AIM OF THE EXERCISE:
Output only the lines below from the one containing "Freddie plant, displaying" to the one containing "1250 Mckenzie Springs Road Property Photo 18", exactly as written, both ends kept.

■ ■ ■

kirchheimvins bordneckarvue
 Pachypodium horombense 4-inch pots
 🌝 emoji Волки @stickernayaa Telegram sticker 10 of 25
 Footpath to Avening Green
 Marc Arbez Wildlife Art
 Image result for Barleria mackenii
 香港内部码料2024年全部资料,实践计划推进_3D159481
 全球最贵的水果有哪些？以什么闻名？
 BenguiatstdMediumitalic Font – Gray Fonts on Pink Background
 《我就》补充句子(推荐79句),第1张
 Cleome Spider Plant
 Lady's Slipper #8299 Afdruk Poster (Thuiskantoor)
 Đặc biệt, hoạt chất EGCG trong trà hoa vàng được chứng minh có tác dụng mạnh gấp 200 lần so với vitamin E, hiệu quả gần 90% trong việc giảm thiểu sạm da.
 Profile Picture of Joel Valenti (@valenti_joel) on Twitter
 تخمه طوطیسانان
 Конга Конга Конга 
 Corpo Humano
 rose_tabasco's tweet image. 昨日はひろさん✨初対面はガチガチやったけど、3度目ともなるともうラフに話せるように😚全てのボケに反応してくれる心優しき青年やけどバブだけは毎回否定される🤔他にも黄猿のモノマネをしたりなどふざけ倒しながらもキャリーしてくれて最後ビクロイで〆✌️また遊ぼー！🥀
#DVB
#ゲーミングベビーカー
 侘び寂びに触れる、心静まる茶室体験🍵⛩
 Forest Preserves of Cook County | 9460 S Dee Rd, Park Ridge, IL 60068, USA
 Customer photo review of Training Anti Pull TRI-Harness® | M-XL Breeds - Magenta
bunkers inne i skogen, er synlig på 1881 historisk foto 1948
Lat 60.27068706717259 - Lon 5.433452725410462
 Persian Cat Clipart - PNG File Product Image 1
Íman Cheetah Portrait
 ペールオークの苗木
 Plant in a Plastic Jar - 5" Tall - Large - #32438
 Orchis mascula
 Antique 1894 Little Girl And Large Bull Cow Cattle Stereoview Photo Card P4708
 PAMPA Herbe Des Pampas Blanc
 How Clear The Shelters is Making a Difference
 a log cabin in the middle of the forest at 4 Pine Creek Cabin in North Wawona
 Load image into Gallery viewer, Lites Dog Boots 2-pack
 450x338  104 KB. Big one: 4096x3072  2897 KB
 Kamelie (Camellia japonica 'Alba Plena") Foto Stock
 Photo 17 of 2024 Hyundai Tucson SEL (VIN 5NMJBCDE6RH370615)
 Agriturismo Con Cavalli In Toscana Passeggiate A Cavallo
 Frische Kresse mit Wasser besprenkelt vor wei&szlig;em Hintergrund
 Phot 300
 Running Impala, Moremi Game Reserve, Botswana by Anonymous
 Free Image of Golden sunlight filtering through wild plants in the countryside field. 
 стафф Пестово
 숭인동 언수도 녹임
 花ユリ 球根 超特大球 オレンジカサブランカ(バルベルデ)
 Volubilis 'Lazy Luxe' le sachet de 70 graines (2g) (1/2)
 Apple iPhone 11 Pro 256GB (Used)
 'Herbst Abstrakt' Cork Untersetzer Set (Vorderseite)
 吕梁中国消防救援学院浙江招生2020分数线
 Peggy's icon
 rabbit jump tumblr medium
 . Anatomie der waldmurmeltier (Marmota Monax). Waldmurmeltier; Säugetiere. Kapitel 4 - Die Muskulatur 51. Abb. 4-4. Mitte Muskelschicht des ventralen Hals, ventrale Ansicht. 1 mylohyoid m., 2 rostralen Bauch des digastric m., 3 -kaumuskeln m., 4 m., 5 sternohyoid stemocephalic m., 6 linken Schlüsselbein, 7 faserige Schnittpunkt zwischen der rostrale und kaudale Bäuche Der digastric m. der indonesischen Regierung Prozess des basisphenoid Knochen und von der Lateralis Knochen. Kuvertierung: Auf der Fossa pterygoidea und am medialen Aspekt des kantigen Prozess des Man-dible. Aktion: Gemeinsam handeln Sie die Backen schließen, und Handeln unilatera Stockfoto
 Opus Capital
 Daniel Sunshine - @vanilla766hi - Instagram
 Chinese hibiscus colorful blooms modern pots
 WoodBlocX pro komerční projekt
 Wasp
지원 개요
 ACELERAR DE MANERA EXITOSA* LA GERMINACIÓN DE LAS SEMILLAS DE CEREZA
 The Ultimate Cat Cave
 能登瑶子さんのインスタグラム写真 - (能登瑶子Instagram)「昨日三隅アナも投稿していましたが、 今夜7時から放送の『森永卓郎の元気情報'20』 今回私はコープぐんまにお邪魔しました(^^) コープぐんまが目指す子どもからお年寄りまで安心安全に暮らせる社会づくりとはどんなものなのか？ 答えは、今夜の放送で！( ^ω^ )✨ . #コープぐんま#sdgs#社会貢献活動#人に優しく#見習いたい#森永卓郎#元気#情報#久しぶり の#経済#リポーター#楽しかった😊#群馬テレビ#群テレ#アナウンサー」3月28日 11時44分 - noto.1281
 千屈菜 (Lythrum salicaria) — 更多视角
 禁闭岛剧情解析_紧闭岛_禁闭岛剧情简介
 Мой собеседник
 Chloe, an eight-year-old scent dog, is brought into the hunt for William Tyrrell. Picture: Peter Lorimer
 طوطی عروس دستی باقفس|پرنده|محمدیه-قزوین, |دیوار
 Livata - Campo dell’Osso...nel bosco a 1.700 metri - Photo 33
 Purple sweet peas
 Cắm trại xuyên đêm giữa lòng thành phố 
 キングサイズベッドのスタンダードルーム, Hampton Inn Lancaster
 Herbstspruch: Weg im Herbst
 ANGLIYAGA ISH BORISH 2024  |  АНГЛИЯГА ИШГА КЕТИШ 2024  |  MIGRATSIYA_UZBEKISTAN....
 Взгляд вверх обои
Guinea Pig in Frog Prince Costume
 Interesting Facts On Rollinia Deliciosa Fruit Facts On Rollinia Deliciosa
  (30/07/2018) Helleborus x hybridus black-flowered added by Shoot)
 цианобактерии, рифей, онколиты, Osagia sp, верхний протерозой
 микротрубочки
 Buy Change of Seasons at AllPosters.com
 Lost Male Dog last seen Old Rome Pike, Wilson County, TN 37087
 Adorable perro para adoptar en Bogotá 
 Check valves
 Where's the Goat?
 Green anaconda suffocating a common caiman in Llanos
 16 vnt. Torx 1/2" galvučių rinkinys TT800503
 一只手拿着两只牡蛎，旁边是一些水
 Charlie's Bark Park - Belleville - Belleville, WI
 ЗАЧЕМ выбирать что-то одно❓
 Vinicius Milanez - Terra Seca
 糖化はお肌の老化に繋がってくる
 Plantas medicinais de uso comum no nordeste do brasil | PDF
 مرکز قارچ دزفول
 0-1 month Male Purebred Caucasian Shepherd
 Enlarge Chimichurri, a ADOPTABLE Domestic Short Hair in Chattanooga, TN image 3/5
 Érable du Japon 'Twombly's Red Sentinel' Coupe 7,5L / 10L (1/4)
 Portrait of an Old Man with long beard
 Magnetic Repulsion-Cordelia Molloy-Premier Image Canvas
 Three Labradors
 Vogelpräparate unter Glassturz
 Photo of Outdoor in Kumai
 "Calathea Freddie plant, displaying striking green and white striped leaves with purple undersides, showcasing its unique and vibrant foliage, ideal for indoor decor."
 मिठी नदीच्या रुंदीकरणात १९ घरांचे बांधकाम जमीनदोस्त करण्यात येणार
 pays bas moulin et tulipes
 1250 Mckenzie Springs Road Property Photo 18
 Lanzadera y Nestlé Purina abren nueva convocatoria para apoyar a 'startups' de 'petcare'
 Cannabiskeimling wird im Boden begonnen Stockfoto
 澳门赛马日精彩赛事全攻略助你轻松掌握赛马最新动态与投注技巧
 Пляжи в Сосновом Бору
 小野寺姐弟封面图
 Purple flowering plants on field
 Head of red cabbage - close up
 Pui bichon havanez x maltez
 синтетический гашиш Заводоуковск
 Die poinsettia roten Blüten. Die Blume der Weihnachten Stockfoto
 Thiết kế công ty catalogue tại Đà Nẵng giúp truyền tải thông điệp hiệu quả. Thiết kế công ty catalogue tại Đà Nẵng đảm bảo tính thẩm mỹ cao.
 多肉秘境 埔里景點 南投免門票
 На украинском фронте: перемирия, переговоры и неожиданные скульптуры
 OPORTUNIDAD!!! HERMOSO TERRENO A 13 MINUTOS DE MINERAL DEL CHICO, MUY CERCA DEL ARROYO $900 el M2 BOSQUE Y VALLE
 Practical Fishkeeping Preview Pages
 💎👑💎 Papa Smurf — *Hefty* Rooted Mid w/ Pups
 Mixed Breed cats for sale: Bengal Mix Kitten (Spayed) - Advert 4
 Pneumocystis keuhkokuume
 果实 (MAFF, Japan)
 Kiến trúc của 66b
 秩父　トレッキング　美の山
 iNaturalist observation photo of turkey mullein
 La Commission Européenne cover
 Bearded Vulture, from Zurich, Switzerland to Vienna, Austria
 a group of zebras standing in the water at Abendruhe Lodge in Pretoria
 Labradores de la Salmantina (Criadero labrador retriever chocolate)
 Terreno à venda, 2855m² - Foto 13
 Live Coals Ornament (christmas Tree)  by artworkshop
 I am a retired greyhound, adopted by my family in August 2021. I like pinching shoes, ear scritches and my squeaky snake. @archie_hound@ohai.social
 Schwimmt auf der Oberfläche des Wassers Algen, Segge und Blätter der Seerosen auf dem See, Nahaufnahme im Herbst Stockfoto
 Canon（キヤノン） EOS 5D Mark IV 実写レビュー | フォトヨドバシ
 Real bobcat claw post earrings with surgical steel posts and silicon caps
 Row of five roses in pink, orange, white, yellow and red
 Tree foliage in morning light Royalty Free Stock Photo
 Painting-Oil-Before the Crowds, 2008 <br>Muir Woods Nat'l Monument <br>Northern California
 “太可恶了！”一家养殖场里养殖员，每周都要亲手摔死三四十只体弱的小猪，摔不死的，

■ ■ ■

FINISHED EXERCISE:
 "Calathea Freddie plant, displaying striking green and white striped leaves with purple undersides, showcasing its unique and vibrant foliage, ideal for indoor decor."
 मिठी नदीच्या रुंदीकरणात १९ घरांचे बांधकाम जमीनदोस्त करण्यात येणार
 pays bas moulin et tulipes
 1250 Mckenzie Springs Road Property Photo 18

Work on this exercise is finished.